Interview de Fouzi Lekjaa, président de la Fédération royale marocaine de football
Le président de la Fédération royale marocaine de football et membre du Conseil de la FIFA, Fouzi Lekjaa, est un grand partisan du projet d’une Coupe du Monde tous les deux ans. Dans cet entretien, le dirigeant explique son choix et liste les multiples bénéfices que cela apporterait au continent africain.
Sport-24 : Lors de la 71e assemblée de la FIFA, tenue le vendredi 21 mai 2021, vous aviez défendu l’idée d’une Coupe du Monde tous les deux ans. Pourquoi?
Fouzi Lekjaa: Une Coupe du Monde disputée tous les deux ans, au lieu de quatre, donnerait davantage d’opportunités aux équipes africaines de progresser en affrontant les meilleures sélections du monde. Ce changement permettrait aussi aux joueurs africains les plus talentueux de progresser et de briller sur la scène internationale. Seules huit équipes ont gagné la Coupe du Monde, et la plupart des participants sont toujours les mêmes. Nous devons faire de la Coupe du Monde une compétition plus inclusive, d’une part en augmentant le nombre de participants, ce qui est déjà acté, mais aussi en augmentant sa fréquence.
Quel est l’intérêt pour l’équipe nationale?
Le Maroc est une grande nation de football mais, en près de 100 ans d’existence de la Coupe du Monde, nous n’y avons participé qu’à cinq reprises. Ce n’est pas seulement dû à l’extrême difficulté des qualifications, c’est surtout à cause de la périodicité de cette compétition.
Ce choix ne risque-t-il pas de faire perdre au Mondial son attractivité?
Ce qui fait un grand tournoi, c’est sa qualité et ce qu’il représente, pas sa rareté. Dans tous les sports, y compris dans le football, de grandes compétitions se jouent tous les ans ou tous les deux ans (comme la Coupe d’Afrique des Nations) et elles n’en sont pas moins dénuées d’intérêt, les fans ne s’en lassent pas pour autant. La Coupe du Monde restera une superbe compétition tout en devenant plus démocratique et en donnant aux nations les moins développées l’occasion de participer et de progresser.
Nous avons vu une ou deux voix européennes, notamment de l’UEFA, s’opposer à cette idée. Qu’en pensez vous ?

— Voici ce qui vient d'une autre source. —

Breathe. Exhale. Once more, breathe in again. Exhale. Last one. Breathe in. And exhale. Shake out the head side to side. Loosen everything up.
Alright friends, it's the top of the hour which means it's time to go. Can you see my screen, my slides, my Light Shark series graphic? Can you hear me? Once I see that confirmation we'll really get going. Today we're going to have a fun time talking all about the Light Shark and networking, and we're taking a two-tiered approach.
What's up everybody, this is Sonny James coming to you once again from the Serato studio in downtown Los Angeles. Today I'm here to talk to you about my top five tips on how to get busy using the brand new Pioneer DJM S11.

J’avoue avoir été extrêmement déçu par certaines réactions sur ce sujet. Le calendrier des matchs internationaux n’est pas encore déterminé après 2024, tout le monde devrait donc s’asseoir et débattre des meilleures solutions pour chacun, pas juste pour les plus privilégiés, ceux qui détiennent toutes les ressources et voient l’Afrique et les autres continents comme des personnes de classe inférieure avec qui il faut se débrouiller. C’est facile de faire des slogans et des campagnes contre le racisme et la discrimination, mais ce que l’Afrique veut, ce sont des actions concrètes et de la bonne volonté, pas des postures arrogantes, autocrates et discriminatoires, ni le refus du débat d’idées. Un mois de plus tous les quatre ans. Nous ne demandons pas l’impossible.
Ceux qui sont contre la Coupe du monde tous les deux ans sont en fait des égoïstes, car ils discriminent des milliards de personnes uniquement pour protéger leurs propres intérêts commerciaux. Ils devraient soutenir la possibilité de donner de l’espoir aux centaines de millions de personnes qui peuplent notre continent.

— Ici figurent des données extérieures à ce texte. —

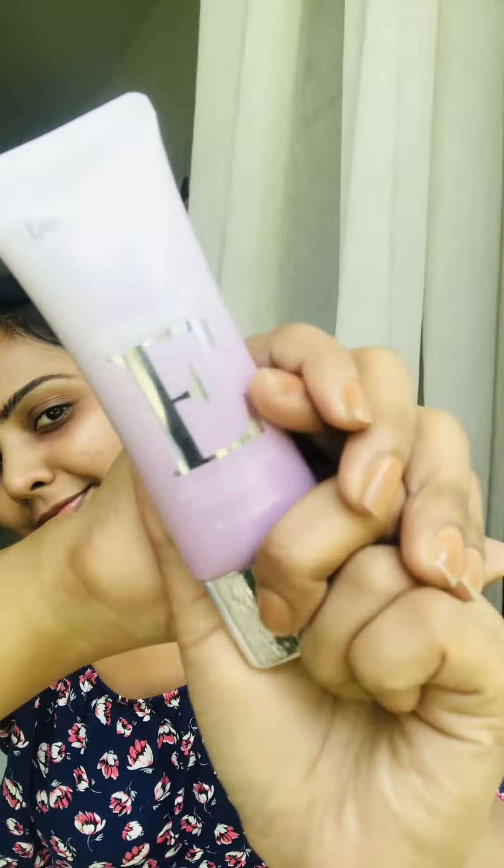I'm going to make a video of Dr. Rachel's Perfect Covered BB Cream. I'm going to mix it with a normal foundation.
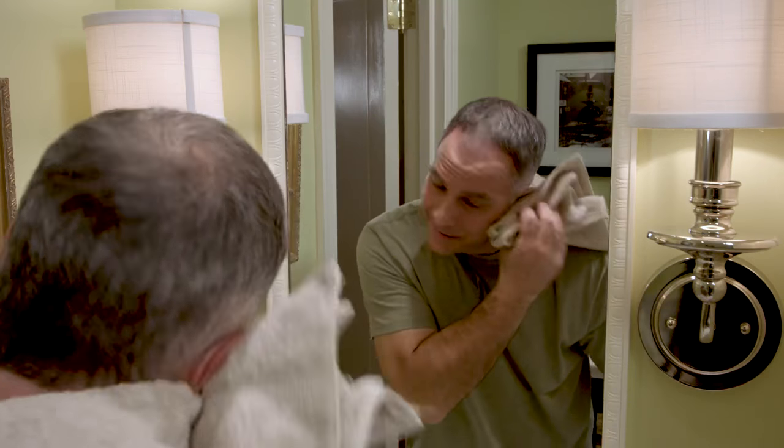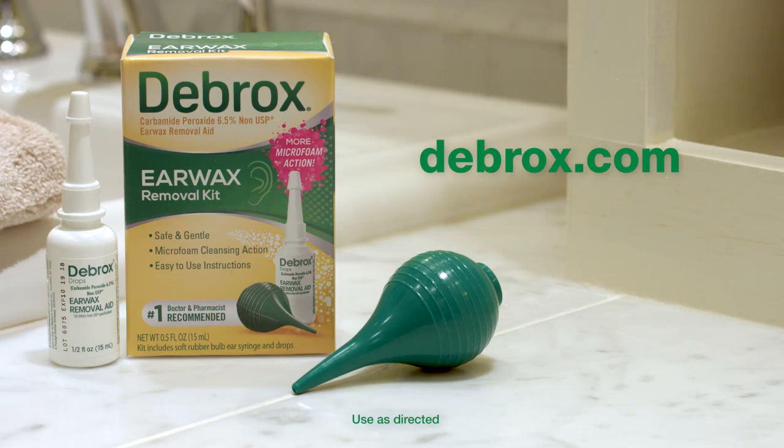That's it. Easy as one, two, three. Safe, gentle earwax removal from Debrox, the number one doctor and pharmacist recommended brand.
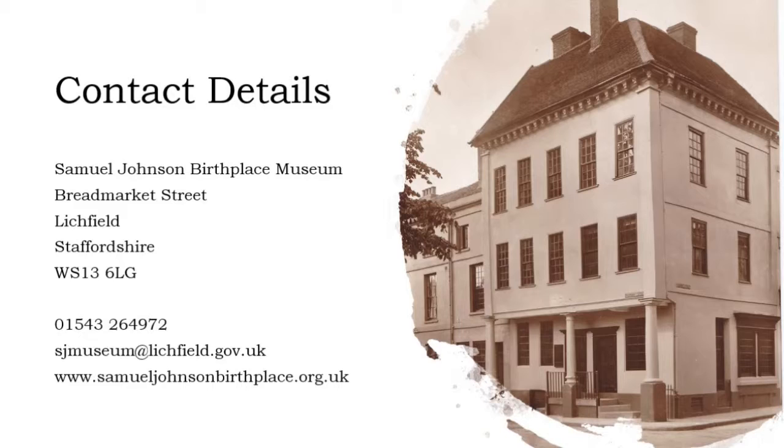We hope this video has been helpful and look forward to welcoming you to the Samuel Johnson Birthplace. To discuss how our collection might be able to assist your research and to arrange a visit to us, please contact us using the details shown.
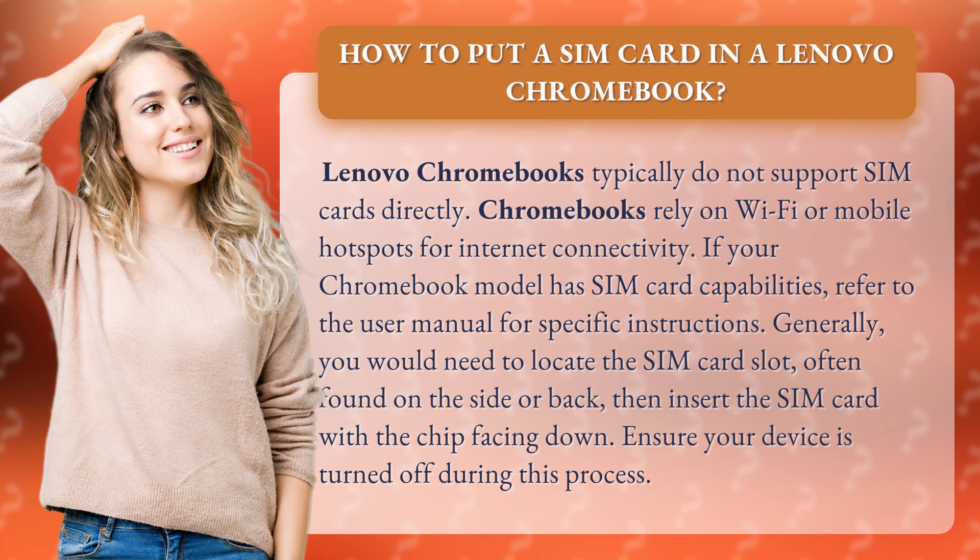Generally, you would need to locate the SIM card slot, often found on the side or back, then insert the SIM card with the chip facing down. Ensure your device is turned off during this process.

Ces quelques fédérations peuvent-elles stopper cette proposition?
La FIFA est désormais une organisation démocratique et l’Europe nous apprend à respecter l’opinion de la majorité dans un véritable esprit démocratique. Nous espérons donc que tout le monde en Europe respecte la démocratie. Heureusement, de nombreuses personnes et fédérations en Europe soutiennent cette idée.
D’ailleurs cette idée a été annoncée par Arsène Wenger, un des plus grand entraîneur du Vieux Continent…
Arsène Wenger est un homme qui réfléchit sur le football depuis des dizaines d’années, et pas seulement au niveau du terrain. Il mène des analyses et des recherches qui prouvent que le football est de plus en plus déséquilibré et que les personnes qui ne sont pas nées dans certaines des zones les plus privilégiées du monde n’ont pas les mêmes opportunités que d’autres. Il est irrationnel et absurde de critiquer cette proposition sans même réfléchir à ce qu’il se passe, ni à des façons d’endiguer et de renverser cette tendance. Le fait de disputer la Coupe du Monde tous les deux ans ne serait pas la solution miracle à tout ce qui ne va pas, mais ce serait, sans aucun doute, une contribution positive.